● THE RECORDS:
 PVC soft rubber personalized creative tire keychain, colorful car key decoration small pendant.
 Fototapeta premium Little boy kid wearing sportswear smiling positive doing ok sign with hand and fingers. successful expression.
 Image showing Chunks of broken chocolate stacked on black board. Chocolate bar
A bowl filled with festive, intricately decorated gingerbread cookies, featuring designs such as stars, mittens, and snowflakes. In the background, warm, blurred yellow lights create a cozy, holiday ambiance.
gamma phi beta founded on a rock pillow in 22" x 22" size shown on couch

● YOUR INSTRUCTIONS: The listing above is to be transcribed exactly. Include every line.

● REPLY TO THE EXERCISE:
 PVC soft rubber personalized creative tire keychain, colorful car key decoration small pendant.
 Fototapeta premium Little boy kid wearing sportswear smiling positive doing ok sign with hand and fingers. successful expression.
 Image showing Chunks of broken chocolate stacked on black board. Chocolate bar
A bowl filled with festive, intricately decorated gingerbread cookies, featuring designs such as stars, mittens, and snowflakes. In the background, warm, blurred yellow lights create a cozy, holiday ambiance.
gamma phi beta founded on a rock pillow in 22" x 22" size shown on couch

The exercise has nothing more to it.